Saudi Arabia has been awarded hosting rights to the 2029 edition of the Asian Winter Games multi-sport event.
The Games will take place at Trojena, a planned resort in the under-construction city of Neom. It will be the first edition of the Asian Winter Games to take place in a West Asian city.
Saudi Arabia was announced as the host city earlier today (Tuesday) by the Olympic Council of Asia. The bid was presented by Prince Abdulaziz Bin Turki Al Faisal, the Saudi Minister of Sport and president of the Saudi Olympic and Paralympic Committee.
Prince Abdulaziz said: “This is a great victory for the Saudi nation and Gulf countries. It is due to the generous support offered to the Saudi sports sector that significantly contributes to the progress of sport and all other fields in the Kingdom for the purpose of delivering the objectives of the Saudi 2030 vision.
“We thank the Olympic Council of Asia for granting us this opportunity. Trojena will be a year-round destination for winter sports and it is fully funded and backed by government guarantees. It will highlight the enormous potential and great infrastructure of Saudi Arabia to host and organise international-level sport competitions and Games successfully.”
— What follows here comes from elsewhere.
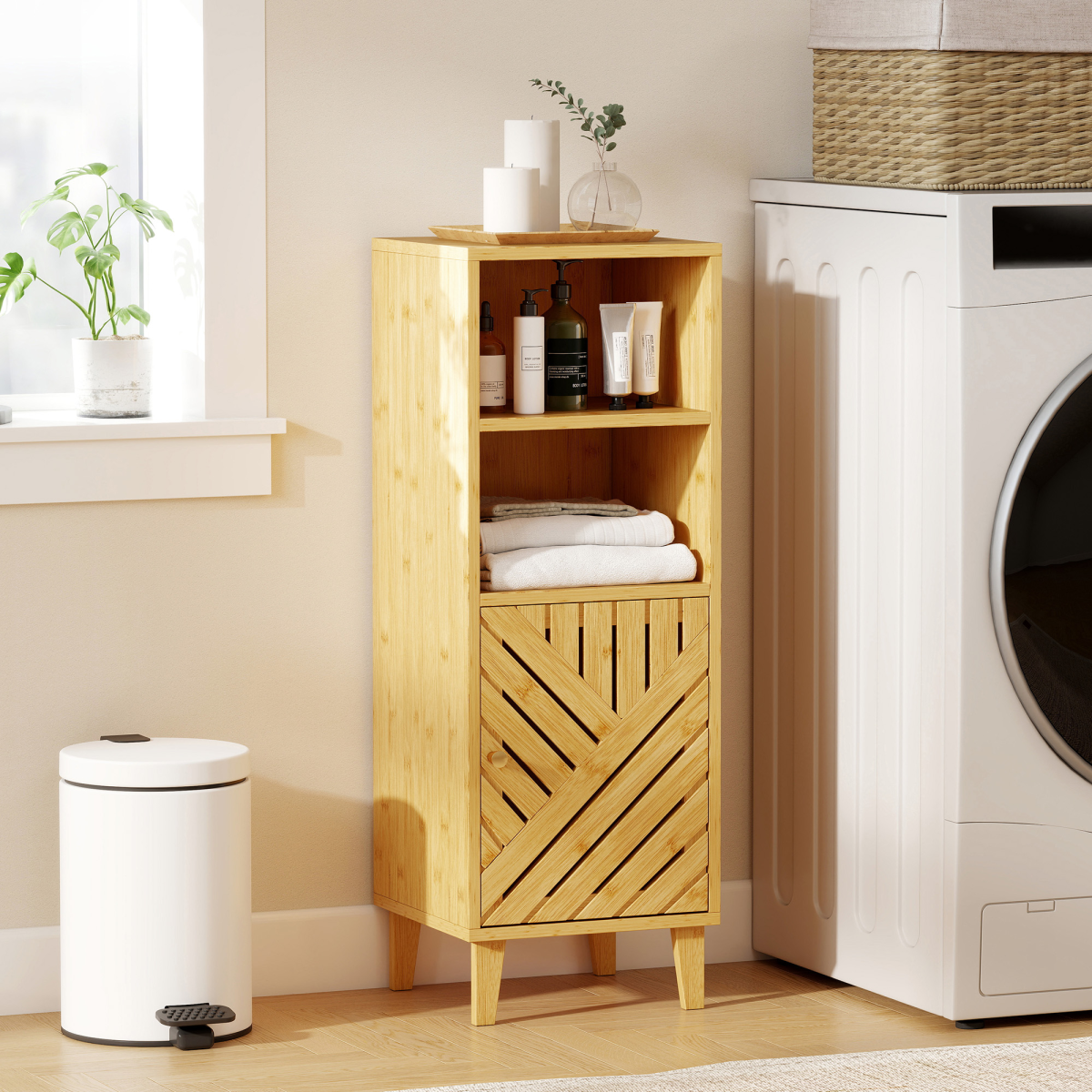 HOMCOM Narrow Bathroom Storage Cabinet with Open Compartments & Bamboo Door – Slim Floor Cabinet, Natural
Neom is a new $500bn (£440bn/€507bn) city development project in northern Saudi Arabia. Neom chief executive Nadhmi Al-Nasr said that Trojena, which is scheduled to be finished by 2026, will have a “suitable infrastructure to create the winter atmosphere in the heart of the desert”.
The 2029 Games will feature two competition clusters. A snow cluster will house sports such as alpine skiing, snowboard and slalom, while an ice cluster will be used for ice hockey, figure skating and curling.
A total of 47 sports will be contested at the Games. The Trojena resort will be 100% powered by renewable energy, with 14 luxury hotels to encircle the sports venues.
The Asian Winter Games have not been held since 2017 and Trojena was the only candidate to host the 2029 event.
The Games will be the latest major sporting event to take place in Saudi Arabia. Last month, the Saudi Motorsport Company signed a Memorandum of Understanding with Dorna Sports, the commercial rights-holder for MotoGP, with a view to staging an annual grand prix in the country.
Earlier this year, Saudi Arabia staged its first Formula 1 grand prix, and the country also hosted Anthony Joshua’s rematch against Oleksandr Usyk in August. It was a second fight in the country for British boxer Joshua, who has been urged by Amnesty International to speak out on the country’s human rights record.